Broncos owner Pat Bowlen waffled on the coaching decision last week, but emphatically changed his mind 24 hours after his team was officially eliminated from playoff contention with a 3-9 record and a quarter of the season remaining. His decision answered the pleas from legions of Denver fans who have been calling for McDaniels’ head since Oct. 17 -- when the Broncos lost by 45 points at home to Oakland.
The Broncos fired McDaniels before even deciding who would be the interim coach. This is not a similar situation to the recent head-coaching changes in Minnesota and Dallas. There is no legitimate spark to be made, no season to salvage. The Broncos are in the look-ahead mode and they are doing so without McDaniels.
There are, of course, two smoking guns in this situation: the recent videotape scandal and McDaniels’ 5-17 record after starting his NFL head-coaching tenure with a 6-0 record.
The word around the franchise is that Bowlen and CEO Joe Ellis were very upset about the scandal. By not waiting until after the season to fire McDaniels, perhaps the Broncos can get out of paying McDaniels his salary for the final two years of his contract. That would certainly give Denver, which also has to pay Shanahan next year, a boost in hiring a replacement in January.
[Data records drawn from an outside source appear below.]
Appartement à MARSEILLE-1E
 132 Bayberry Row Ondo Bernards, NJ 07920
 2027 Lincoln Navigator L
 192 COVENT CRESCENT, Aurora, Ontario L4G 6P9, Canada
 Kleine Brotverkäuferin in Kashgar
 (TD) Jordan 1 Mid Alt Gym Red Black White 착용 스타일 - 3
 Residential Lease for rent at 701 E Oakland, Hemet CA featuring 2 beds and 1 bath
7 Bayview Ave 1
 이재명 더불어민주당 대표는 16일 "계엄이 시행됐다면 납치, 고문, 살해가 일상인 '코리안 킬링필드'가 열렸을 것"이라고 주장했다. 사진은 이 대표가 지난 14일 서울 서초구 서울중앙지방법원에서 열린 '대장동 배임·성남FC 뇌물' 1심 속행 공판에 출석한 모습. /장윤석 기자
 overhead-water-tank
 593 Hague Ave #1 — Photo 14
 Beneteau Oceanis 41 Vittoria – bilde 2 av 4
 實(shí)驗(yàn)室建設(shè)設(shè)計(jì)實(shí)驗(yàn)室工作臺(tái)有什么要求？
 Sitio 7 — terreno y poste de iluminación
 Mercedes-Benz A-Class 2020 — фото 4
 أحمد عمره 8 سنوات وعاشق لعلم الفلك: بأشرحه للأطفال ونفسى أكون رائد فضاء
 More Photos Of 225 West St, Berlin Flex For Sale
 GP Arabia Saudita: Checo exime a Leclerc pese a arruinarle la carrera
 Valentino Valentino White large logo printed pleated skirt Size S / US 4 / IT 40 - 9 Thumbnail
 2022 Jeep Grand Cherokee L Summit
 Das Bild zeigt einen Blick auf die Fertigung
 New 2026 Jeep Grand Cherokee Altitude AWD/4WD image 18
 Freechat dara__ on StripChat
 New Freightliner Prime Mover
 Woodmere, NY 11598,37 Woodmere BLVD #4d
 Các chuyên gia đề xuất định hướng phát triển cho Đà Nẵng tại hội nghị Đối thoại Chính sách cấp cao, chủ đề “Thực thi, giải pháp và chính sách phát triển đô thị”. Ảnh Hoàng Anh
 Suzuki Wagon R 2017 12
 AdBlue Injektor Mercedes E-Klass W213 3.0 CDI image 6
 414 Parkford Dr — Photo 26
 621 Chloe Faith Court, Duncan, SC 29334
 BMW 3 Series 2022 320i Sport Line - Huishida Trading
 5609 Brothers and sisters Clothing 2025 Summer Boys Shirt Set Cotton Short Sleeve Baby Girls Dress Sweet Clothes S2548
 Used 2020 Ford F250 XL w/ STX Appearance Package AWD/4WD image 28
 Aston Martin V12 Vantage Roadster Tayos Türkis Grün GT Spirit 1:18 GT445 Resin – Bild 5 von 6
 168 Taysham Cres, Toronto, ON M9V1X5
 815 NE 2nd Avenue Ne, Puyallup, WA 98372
The NFL concluded that video director Steve Scarnecchia acted alone when he videotaped a San Francisco walk-through the day before the 49ers beat the Broncos in London on Oct. 31. The league had no proof McDaniels knew that Scarnecchia -- whom McDaniels knew when the two were in New England -- was planning to tape the practice. But McDaniels was still fined by the league for not disclosing the incident once he found out. That may be good enough reason for the team to prove it had cause to fire McDaniels.
The videotape incident was far from McDaniels’ only issue. He made several questionable calls in his short Denver tenure that all played a role in the Broncos’ demise.
McDaniels showed his feisty side less than two months into the job when he tried to get his backup quarterback in New England, Matt Cassel, in a trade that would have involved 25-year-old Pro Bowl quarterback Jay Cutler. McDaniels couldn’t score Cassel, who ended up in Kansas City, and then feuded with Cutler before shipping the quarterback to Chicago. Cutler is probably heading to the playoffs with the Bears this season while McDaniels is heading to the unemployment line.
Other famous McDaniels gaffes include trading running back Peyton Hillis to Cleveland for No. 3 quarterback Brady Quinn and trading Denver’s No. 1 pick in 2010 to take cornerback Alphonso Smith in the second round in 2009 -- only to give up on Smith this year.
McDaniels also parted ways with successful defensive coordinator Mike Nolan after one season and changed Shanahan’s patented zone-blocking running scheme to a more traditional power scheme. Denver’s run game has been at the bottom of the NFL nearly all season.
The Broncos went from one of the more attractive organizations in the NFL to one in total disarray. McDaniels will go down as one of the most reviled figures in Denver sports history.
The timing of his firing may have been a surprise, but in the end it was deserved.